Goal of the exercise
Starting at the line below holding "Used 2024 Ford Bronco Everglades image 2" and stopping at the line holding "435 Hidden River W, Holly Township, MI 48442", print every line exactly, both ends included, and leave the rest out.

——————————

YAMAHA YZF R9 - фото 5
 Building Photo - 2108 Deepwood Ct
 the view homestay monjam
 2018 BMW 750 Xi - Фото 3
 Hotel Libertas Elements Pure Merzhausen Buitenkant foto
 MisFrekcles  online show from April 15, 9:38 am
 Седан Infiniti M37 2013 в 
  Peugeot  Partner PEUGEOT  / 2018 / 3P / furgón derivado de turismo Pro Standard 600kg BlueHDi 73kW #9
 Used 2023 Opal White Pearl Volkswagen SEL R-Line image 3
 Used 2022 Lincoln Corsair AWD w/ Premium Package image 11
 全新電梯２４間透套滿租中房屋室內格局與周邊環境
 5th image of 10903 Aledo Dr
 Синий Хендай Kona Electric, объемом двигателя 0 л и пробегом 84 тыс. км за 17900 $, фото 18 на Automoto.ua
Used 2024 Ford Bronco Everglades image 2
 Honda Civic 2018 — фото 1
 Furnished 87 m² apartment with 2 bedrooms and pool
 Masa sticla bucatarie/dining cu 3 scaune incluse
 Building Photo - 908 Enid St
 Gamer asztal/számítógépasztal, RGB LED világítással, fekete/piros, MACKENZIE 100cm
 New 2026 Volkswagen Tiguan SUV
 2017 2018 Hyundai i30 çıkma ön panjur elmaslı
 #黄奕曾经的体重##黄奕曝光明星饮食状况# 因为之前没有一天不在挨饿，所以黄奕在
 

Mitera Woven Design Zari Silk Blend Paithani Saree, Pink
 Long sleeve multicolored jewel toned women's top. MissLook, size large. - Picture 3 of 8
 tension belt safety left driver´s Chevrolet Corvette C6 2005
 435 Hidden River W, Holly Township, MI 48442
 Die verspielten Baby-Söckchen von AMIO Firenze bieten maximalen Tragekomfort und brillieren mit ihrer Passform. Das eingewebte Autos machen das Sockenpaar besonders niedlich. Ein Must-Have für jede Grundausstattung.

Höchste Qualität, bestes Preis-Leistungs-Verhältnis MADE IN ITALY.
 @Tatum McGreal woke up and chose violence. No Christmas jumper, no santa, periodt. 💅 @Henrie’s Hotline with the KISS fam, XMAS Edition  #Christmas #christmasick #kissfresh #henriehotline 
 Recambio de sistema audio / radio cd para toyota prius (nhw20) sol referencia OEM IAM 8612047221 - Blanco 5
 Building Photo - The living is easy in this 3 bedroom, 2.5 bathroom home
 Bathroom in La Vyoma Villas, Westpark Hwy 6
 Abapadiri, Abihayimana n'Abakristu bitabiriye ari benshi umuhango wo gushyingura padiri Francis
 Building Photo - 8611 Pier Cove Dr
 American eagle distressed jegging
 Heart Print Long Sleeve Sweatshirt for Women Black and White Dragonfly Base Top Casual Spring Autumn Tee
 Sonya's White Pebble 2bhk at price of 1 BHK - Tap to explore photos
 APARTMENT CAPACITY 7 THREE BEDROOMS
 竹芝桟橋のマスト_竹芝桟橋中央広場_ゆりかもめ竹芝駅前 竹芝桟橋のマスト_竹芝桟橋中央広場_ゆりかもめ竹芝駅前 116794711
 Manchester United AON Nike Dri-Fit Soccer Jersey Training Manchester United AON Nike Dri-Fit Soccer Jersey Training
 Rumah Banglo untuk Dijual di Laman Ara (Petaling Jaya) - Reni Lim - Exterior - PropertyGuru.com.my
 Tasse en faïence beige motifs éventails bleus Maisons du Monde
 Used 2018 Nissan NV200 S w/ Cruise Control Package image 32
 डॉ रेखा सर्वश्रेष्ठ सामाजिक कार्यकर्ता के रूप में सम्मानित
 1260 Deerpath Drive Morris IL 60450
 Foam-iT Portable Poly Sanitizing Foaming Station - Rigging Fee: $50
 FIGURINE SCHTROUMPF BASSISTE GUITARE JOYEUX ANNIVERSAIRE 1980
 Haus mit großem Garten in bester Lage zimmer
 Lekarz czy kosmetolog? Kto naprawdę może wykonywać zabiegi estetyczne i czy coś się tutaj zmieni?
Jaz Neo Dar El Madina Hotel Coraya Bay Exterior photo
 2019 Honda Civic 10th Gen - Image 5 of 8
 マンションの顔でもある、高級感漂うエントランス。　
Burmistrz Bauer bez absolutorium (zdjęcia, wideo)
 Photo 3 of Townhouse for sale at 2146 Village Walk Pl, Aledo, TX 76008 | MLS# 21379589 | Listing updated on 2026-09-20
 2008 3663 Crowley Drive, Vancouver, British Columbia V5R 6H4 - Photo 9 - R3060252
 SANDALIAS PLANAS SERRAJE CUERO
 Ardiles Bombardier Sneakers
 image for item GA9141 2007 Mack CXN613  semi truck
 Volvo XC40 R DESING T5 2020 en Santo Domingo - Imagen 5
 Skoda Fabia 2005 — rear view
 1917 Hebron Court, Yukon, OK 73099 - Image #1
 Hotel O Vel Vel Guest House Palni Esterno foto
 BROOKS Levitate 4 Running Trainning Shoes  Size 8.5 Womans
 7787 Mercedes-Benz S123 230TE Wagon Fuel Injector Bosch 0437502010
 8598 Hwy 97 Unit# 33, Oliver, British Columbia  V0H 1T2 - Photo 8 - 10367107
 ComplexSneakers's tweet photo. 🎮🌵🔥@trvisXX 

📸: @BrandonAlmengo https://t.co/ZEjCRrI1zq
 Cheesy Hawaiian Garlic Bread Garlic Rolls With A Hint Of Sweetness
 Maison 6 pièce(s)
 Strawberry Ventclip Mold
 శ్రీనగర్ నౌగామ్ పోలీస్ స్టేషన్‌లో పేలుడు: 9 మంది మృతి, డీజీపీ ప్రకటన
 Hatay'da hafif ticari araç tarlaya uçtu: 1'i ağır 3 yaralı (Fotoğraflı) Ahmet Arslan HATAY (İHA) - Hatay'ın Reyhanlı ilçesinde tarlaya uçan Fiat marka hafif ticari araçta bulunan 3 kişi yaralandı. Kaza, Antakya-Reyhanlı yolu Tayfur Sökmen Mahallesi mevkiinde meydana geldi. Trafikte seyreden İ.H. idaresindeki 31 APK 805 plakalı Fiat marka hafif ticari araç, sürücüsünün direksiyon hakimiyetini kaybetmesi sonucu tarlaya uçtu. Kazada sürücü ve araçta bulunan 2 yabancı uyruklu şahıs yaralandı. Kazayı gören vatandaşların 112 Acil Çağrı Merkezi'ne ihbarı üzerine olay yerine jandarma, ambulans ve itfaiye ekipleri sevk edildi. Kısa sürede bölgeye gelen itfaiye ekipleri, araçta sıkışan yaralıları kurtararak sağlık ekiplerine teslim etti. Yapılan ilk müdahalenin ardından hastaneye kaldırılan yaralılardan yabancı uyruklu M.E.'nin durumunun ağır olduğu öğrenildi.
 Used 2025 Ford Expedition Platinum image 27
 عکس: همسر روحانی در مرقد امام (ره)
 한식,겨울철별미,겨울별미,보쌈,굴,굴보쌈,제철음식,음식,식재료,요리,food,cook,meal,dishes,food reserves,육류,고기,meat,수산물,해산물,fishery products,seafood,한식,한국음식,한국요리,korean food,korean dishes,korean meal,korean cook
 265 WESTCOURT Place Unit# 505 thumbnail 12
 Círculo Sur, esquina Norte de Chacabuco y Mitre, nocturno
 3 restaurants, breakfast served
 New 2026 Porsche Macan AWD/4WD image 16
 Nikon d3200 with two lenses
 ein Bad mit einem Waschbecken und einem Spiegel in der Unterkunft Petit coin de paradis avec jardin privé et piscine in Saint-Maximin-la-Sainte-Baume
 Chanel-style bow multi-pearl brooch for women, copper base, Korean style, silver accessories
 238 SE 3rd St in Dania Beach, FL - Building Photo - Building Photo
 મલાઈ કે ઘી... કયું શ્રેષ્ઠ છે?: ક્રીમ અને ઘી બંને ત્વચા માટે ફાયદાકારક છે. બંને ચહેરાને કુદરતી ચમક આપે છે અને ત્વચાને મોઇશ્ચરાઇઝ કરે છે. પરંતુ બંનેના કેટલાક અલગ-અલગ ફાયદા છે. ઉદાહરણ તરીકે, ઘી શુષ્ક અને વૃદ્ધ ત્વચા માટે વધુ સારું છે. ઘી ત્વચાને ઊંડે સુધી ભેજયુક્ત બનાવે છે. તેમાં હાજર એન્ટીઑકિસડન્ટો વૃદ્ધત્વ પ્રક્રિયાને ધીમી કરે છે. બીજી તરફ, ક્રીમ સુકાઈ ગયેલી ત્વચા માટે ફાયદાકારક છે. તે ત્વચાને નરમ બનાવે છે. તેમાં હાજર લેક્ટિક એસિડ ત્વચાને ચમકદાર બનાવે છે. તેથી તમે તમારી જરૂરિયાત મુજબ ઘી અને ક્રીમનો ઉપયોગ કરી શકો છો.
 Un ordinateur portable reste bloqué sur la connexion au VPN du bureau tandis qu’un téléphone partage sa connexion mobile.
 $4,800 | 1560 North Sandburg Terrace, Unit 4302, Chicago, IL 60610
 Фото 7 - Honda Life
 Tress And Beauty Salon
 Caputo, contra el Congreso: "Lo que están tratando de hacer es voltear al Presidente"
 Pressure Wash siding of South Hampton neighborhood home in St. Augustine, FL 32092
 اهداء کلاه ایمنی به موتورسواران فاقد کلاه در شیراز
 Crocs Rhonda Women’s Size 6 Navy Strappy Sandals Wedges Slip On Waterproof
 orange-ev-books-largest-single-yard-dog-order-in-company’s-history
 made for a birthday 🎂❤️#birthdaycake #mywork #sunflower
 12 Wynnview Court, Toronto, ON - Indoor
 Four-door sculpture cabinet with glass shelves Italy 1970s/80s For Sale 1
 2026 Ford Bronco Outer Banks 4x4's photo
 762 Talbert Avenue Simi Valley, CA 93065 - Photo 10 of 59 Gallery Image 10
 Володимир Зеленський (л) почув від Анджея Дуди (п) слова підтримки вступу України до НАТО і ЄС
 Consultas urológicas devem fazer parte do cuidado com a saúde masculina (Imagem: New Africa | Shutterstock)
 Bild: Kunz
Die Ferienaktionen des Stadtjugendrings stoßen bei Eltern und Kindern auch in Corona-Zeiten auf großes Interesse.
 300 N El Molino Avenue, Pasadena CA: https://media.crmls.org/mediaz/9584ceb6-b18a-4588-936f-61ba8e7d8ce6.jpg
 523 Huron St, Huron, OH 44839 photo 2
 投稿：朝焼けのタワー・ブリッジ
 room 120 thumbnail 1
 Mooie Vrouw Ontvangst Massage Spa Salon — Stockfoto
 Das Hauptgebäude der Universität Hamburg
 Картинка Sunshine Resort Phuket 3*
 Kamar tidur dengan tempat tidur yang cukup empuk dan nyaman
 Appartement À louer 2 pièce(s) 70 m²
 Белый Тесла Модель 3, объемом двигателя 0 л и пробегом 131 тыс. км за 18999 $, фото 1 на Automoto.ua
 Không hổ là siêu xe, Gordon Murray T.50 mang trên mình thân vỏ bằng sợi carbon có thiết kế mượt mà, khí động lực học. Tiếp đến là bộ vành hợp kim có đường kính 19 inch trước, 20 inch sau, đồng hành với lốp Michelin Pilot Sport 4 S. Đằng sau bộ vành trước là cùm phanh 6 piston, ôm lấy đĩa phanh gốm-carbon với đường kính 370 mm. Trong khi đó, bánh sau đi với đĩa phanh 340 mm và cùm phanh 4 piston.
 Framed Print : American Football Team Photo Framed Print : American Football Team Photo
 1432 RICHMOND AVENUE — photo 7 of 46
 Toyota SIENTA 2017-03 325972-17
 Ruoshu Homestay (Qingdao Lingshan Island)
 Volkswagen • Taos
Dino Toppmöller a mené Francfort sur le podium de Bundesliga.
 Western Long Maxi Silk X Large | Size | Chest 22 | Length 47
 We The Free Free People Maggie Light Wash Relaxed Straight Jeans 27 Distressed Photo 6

——————————

Your response
Used 2024 Ford Bronco Everglades image 2
 Honda Civic 2018 — фото 1
 Furnished 87 m² apartment with 2 bedrooms and pool
 Masa sticla bucatarie/dining cu 3 scaune incluse
 Building Photo - 908 Enid St
 Gamer asztal/számítógépasztal, RGB LED világítással, fekete/piros, MACKENZIE 100cm
 New 2026 Volkswagen Tiguan SUV
 2017 2018 Hyundai i30 çıkma ön panjur elmaslı
 #黄奕曾经的体重##黄奕曝光明星饮食状况# 因为之前没有一天不在挨饿，所以黄奕在
 

Mitera Woven Design Zari Silk Blend Paithani Saree, Pink
 Long sleeve multicolored jewel toned women's top. MissLook, size large. - Picture 3 of 8
 tension belt safety left driver´s Chevrolet Corvette C6 2005
 435 Hidden River W, Holly Township, MI 48442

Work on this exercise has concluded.